Una fabbrica per i morti

Durante il tempo di Natale ho dovuto far ricorso a tutte le mie risorse interiori per non lasciarmi scoraggiare durante le belle ed esaltanti celebrazioni, che ci rinnovano il convincimento che Dio ci è vicino, abita tra noi e non ci abbandona al nostro destino.

Il cimitero, per quanta fede possiamo avere, ci condiziona con un senso di mestizia che pervade tutta la cultura e la sensibilità della gente del nostro tempo. Il nostro cimitero poi, non ha la poesia, l’ordine, il buon gusto dei piccoli cimiteri dell’Alto Adige che sembrano abbracciare la chiesa e che sono curati con infinito amore e gusto, sembra più una fabbrica per i morti, percorsa da mezzi meccanici, ricolma di fiori finti di plastica, sbiaditi e spesso dispersi dal vento gelido, con strade piene di buchi e l’asfalto sberciato e corroso, non aiuta a intravedere le folle dei beati del cielo.

Infine la piccola chiesa umida senza nessuna pretesa d’arte, stinta ed incapace di contenere i fedeli che la scelgono per la preghiera domenicale, non facilita certo l’entusiasmo.

Fino a qualche mese fa c’era l’illusione che sarebbe arrivata la nuova chiesa, ora, con la stagione inclemente che alterna il gelo con la pioggia, la nebbia col vento del nord che sparpaglia i fiori finti, è caduta anche questa illusione.

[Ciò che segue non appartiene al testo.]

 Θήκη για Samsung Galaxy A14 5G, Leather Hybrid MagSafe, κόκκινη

Confesso che devo fare uno sforzo sovraumano per non attaccare frontalmente l’amministrazione veneziana lontana e inconcludente, quella locale succube ed altrettanto assente e l’azienda che gestisce il cimitero che lo fa con lo stesso stile con cui cura lo smaltimento dei rifiuti urbani.

Non mi resta ora che sognare la primavera!